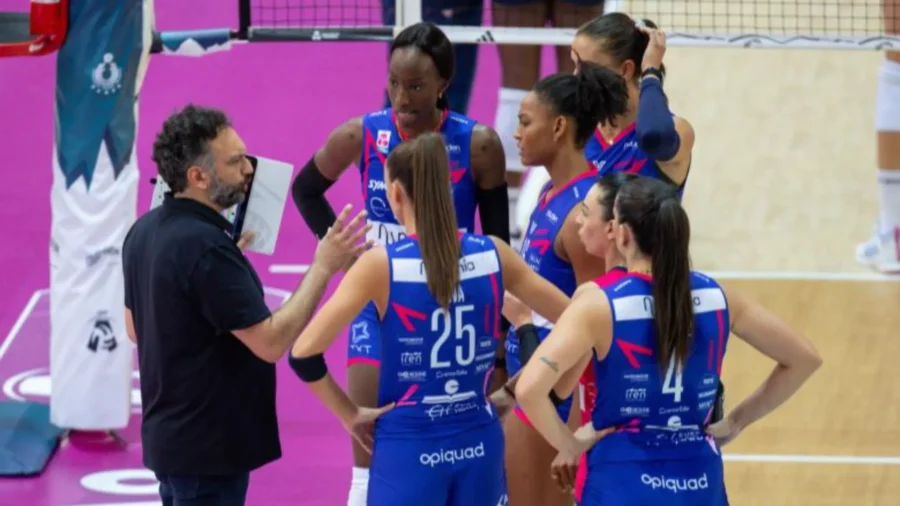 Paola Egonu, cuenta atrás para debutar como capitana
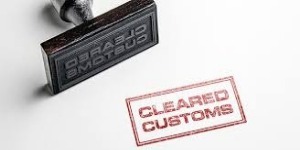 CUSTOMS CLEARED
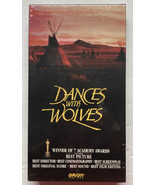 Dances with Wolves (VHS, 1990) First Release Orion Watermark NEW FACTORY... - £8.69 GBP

● **WHAT THIS TASK INVOLVES**:
Drop the pictures and give every line above again exactly.

● **FINAL ANSWER**:
 Paola Egonu, cuenta atrás para debutar como capitana
 CUSTOMS CLEARED
 Dances with Wolves (VHS, 1990) First Release Orion Watermark NEW FACTORY... - £8.69 GBP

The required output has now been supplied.